Have you ever tried doing something, like drawing, and no matter how much you try and concentrate on the task, you just still suck? That’s how I felt for all of my 22 years of life. Throughout school I have struggled a lot, I’ll admit that because I have. I was never the student to receive straight A’s even when I would try my hardest. From elementary school through middle school I was in reading and math support because the school saw that I had low numbers in those dumb readings they timed you on.

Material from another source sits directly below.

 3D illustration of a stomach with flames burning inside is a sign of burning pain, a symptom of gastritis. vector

High school came around and I, thankfully, didn’t need to be in those classes anymore. Actually, my senior year I was in an honor’s reading class – so in your face reading support teacher! Still, school was tough. I would study, and study, and study, but no matter how hard I tried I still would never see an ‘A’ on an exam. By the time I was a senior, I just came to realization that my best friend was a 70% or below on exams. Report cards were B’s, C’s and occasional D’s. I mean I did receive two A’s but I was taking band and chorus, music was the only thing I could concentrate in.
Though, when it came to college for the first two years I went to, in my opinion, an easier college academically than Illinois State University is. So, there I received good grades, actually having a 3.0 GPA – everything was great!

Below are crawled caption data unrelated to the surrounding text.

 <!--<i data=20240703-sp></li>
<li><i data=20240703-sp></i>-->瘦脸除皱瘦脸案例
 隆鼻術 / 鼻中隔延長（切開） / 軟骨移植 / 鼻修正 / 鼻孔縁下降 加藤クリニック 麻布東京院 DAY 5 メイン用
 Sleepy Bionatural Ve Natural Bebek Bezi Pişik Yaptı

It wasn’t until I came to ISU and school became difficult again. I couldn’t focus on anything the professors were lecturing about. My mind was always somewhere else, I didn’t understand the material at all, even if I re-read chapters over and over again. I tried to make note cards my best friend, putting information into songs, and re-writing my notes over and over again. But still when exams came, I just blanked and ended up guessing on everything.
I hated that my 3.0 GPA lowered in just a year. This year, my senior year, is when I finally gave up and needed to figure out what was wrong with me. I definitely couldn’t go on with this any longer, especially if I was going to go out in the world next year to get an “adult” job.

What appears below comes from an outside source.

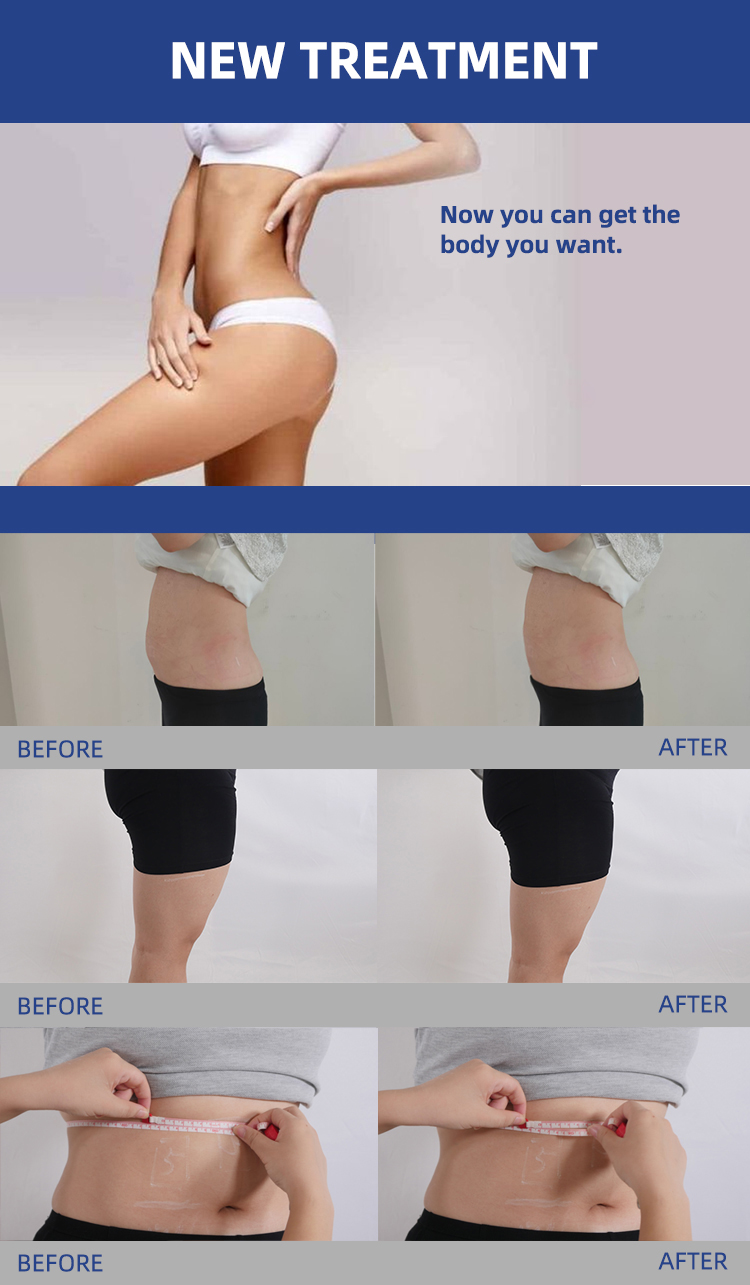 trusculpt id before and after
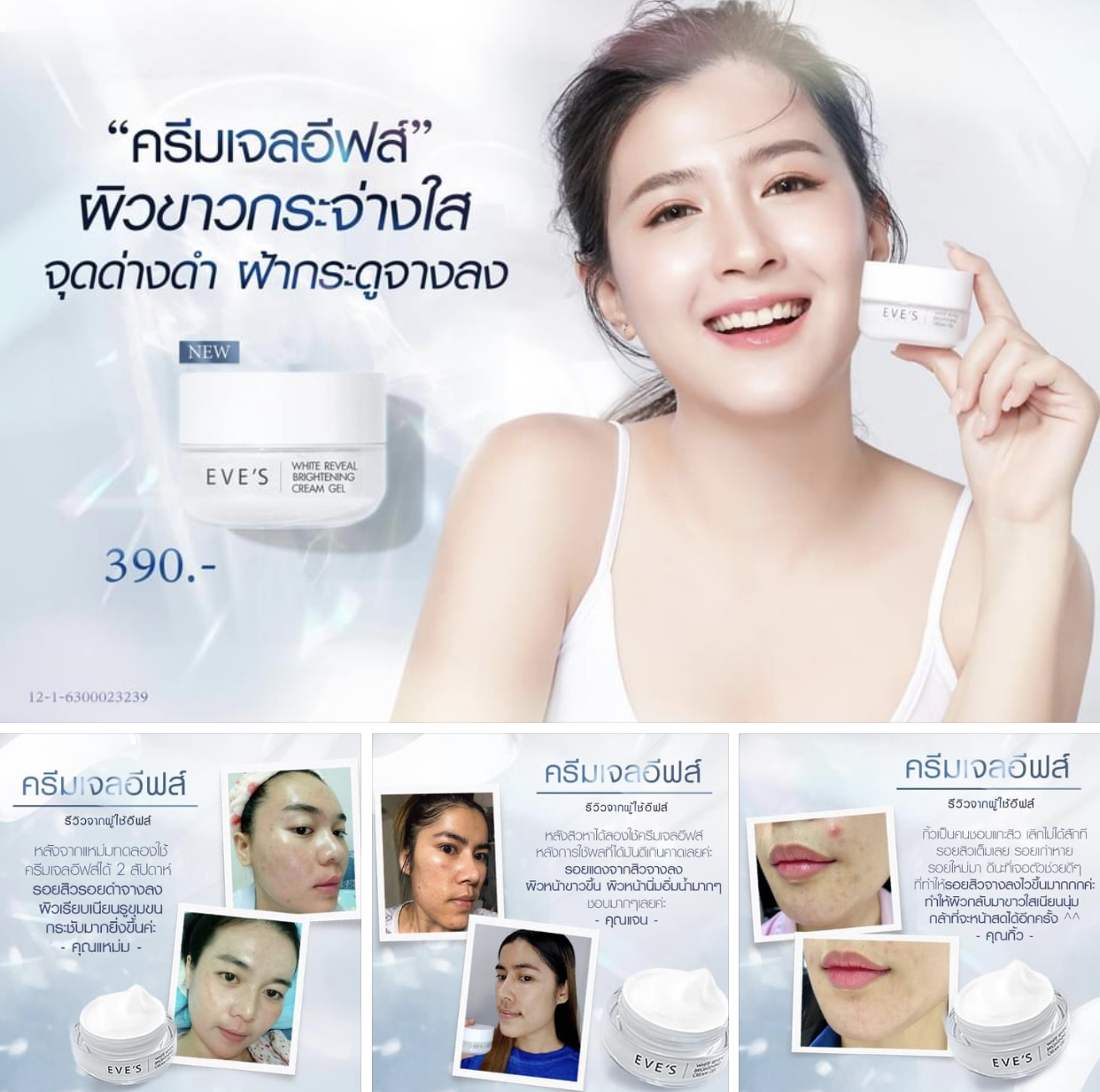 ครีมเจลอีฟส์ ครีมบำรุงผิวหน้าที่กำลังมาแรง การันตีด้วยยอดขายกว่า 500,000 กระปุก พร้อมรีวิวมากมาย ส่งฟรีทั่วประเทศ รูปที่ 4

I did some research and I talked with my mom and doctors and we came to the conclusion that I should get tested to see if I had a learning disability – so that’s what I did.
After hours of long continuous testing and weeks of waiting for the results, I finally knew the answers to, basically, all my problems that I have had. I definitely did not realize that the next time I would be sitting in those same exact chairs, that I took those annoying tests in, my life would totally be different.
I have Attention Deficit Disorder (ADD).
Twenty-two years later in my life and I have finally found out the biggest puzzle piece that was missing as to why I was the way I was. Everything made sense for once in my life!
The only thing that makes me mad is how come, 22 years later, I am just now finding this information out. I don’t understand how none of my teachers, that I had growing up, never realized this. I clearly was at the bottom of everything. Always struggling to hang on with my grades, but yet, nothing. I even remember in elementary school my grades were so low on my report card that I was worried if I even could have passed to the next grade or not. If a child is struggling this hard, especially in elementary school, how come nobody ever helped their student out and suggested those long, annoying, boring, tests earlier? What about that saying, “no student left behind?” If a teacher reached out and suggested this, I definitely wouldn’t have been “behind” always trying to figure out school.
Now that I FINALLY know what has been wrong for basically my whole life – everything makes sense! I am a firm believer that everything happens for a reason. Learning that I have Attention Deficit Disorder (ADD) now instead of earlier on makes me feel accomplished and grateful when I see an ‘A’ as a final grade in a course in college, rather than taking everything for granted.